The School Committee’s conflicts were on display at a meeting on Tuesday night, although DeMaria was not present. A newly elected member, former city councilor Michael McLaughlin, had proposed seven agenda items that would have checked the superintendent’s authority or curbed school spending. They included an audit; a hiring freeze on all non-classroom positions; a freeze on raises; and a ban on extending contracts without School Committee approval. He also proposed removing the superintendent as “secretary” of the School Committee, a non-voting position, and proposed that she not regularly attend future committee meetings, which he said might “help relieve some of that stress and pressure” of leading the schools through a pandemic.
In response, Tahiliani made it clear she had not requested a change and would prefer to continue the “longstanding tradition” of serving the School Committee.
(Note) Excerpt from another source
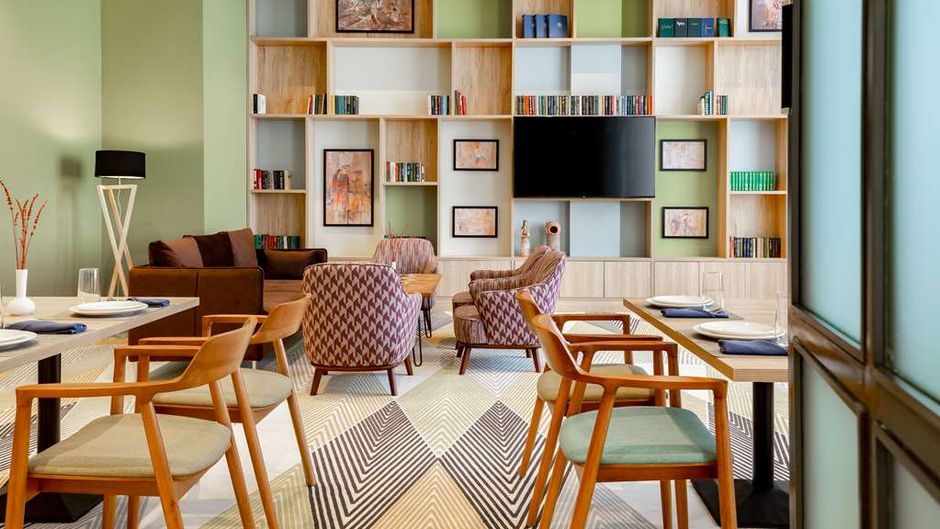 Hilton Garden Inn Samarkand Lobby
“I’m never asking for less work,” she said. “If you give me more work, I’ll do more work.”
McLaughlin retreated from many of the measures, most of which were sent to a committee for review. School Committee member Marcony Almeida-Barros said that at least one of his requests was “completely out of the scope of committee members.”
Performance at School Committee meetings was one point of contention in Tahiliani’s job review, with DeMaria raising concerns that “her posture, facial expressions, and other physical mannerisms visibly change during discussions and debates of issues.”
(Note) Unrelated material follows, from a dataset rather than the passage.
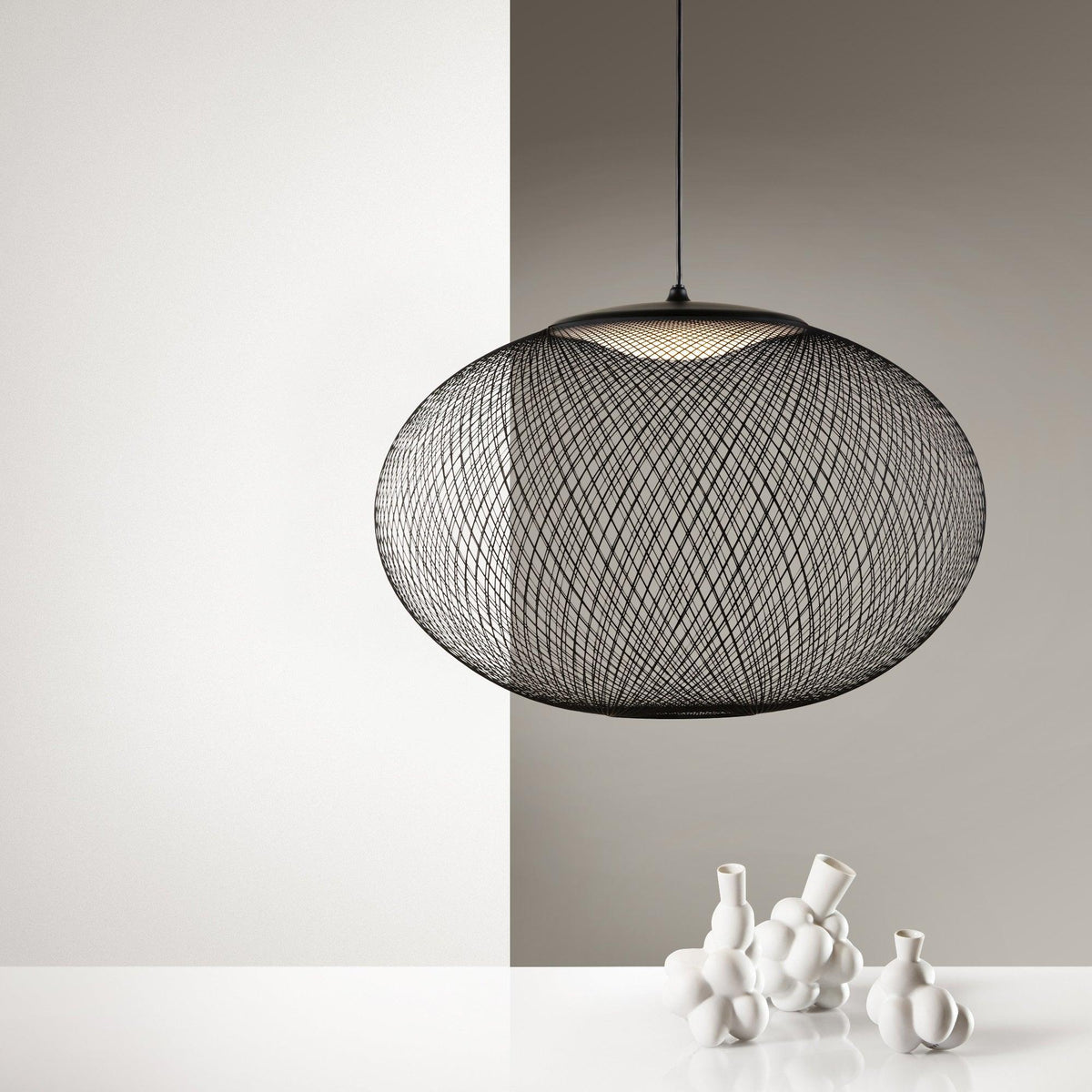 Orelenira Pendelleuchte aus Metallmaschen in Schwarz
She likened it to criticism DeMaria raised about former city councilor Gerly Adrien, the first Black woman elected to the council.
“This is not an isolated incident. In City Council meetings, Mayor DeMaria made comments on Councilor Adrien’s facial expressions, stating that he would like to turn off her video and/or mute her,” she wrote in the complaint. “Mayor DeMaria also accused her of screaming or pointing her finger, yet a review of the video of that meeting proved his accusations were false.”
Adrien, who ran unsuccessfully for mayor and is no longer on the City Council, was among those to speak in Tahiliani’s defense Tuesday night.
“To see the actions that the School Committee wants to bring forth tonight, it’s sad,” Adrien said. “It’s frustrating and it’s disappointing.”
DeMaria, who has served as mayor since 2007, was also recently accused of demanding nearly $100,000 from the city clerk, a claim the FBI had begun investigating. He has strongly denied the charges, saying he was owed the money as part of a real estate deal, and he has sued the clerk and the Everett Leader Herald for defamation.
When he was narrowly reelected in November, DeMaria used his victory speech to issue a warning to people “who tried to sandbag us.”
“Let me tell you — I raised a lot of money and I’m going to go after a lot of people,” DeMaria said.